:: WORK TASK ::
When you transcribe the lines below, keep every word the same and leave the pictures behind.

#### THE DATA ####

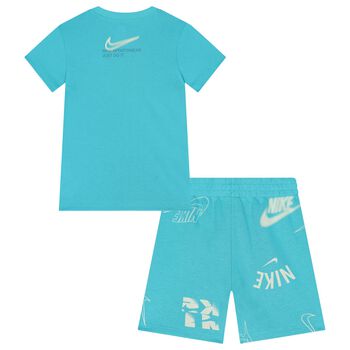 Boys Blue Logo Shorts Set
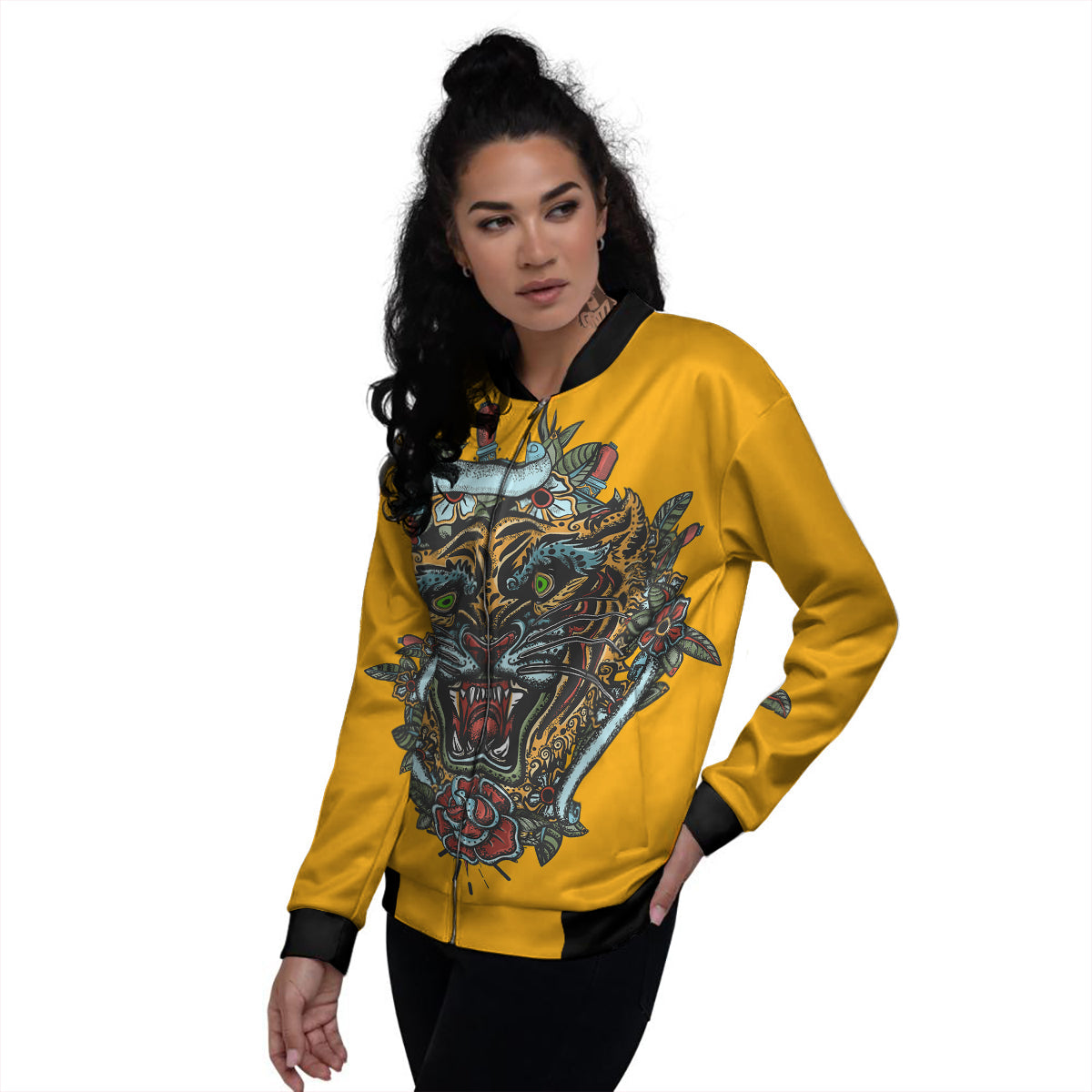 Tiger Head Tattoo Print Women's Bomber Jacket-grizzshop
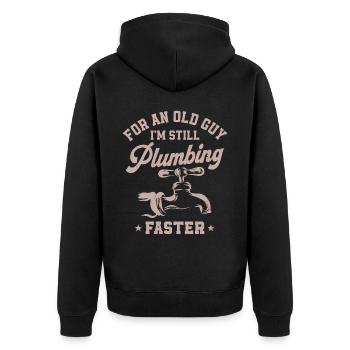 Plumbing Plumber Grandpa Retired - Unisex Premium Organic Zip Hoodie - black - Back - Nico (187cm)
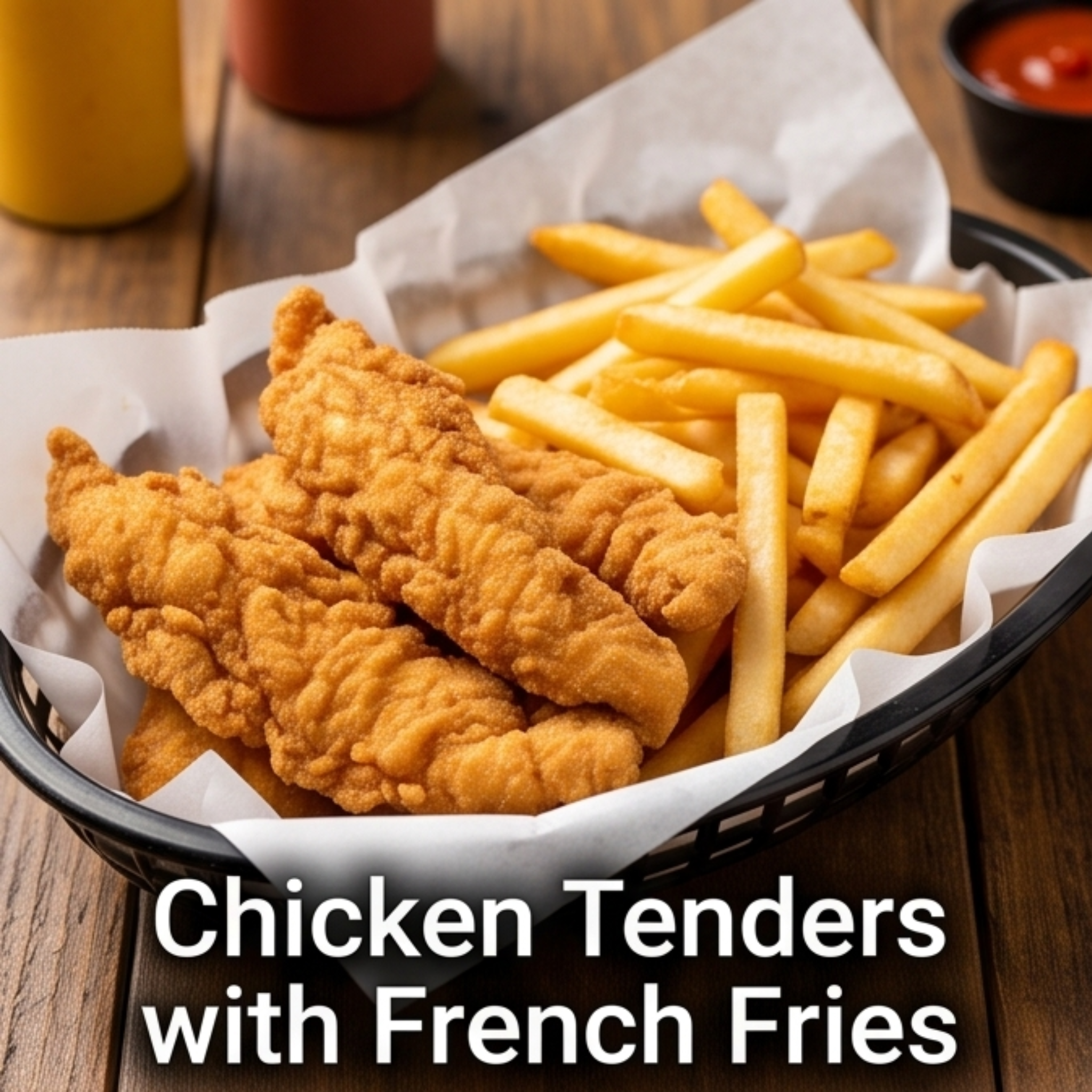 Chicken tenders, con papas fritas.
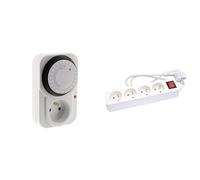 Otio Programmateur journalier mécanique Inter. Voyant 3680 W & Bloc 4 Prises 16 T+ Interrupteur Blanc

####

:: TASK SOLUTION ::
 Boys Blue Logo Shorts Set
 Tiger Head Tattoo Print Women's Bomber Jacket-grizzshop
 Plumbing Plumber Grandpa Retired - Unisex Premium Organic Zip Hoodie - black - Back - Nico (187cm)
 Chicken tenders, con papas fritas.
 Otio Programmateur journalier mécanique Inter. Voyant 3680 W & Bloc 4 Prises 16 T+ Interrupteur Blanc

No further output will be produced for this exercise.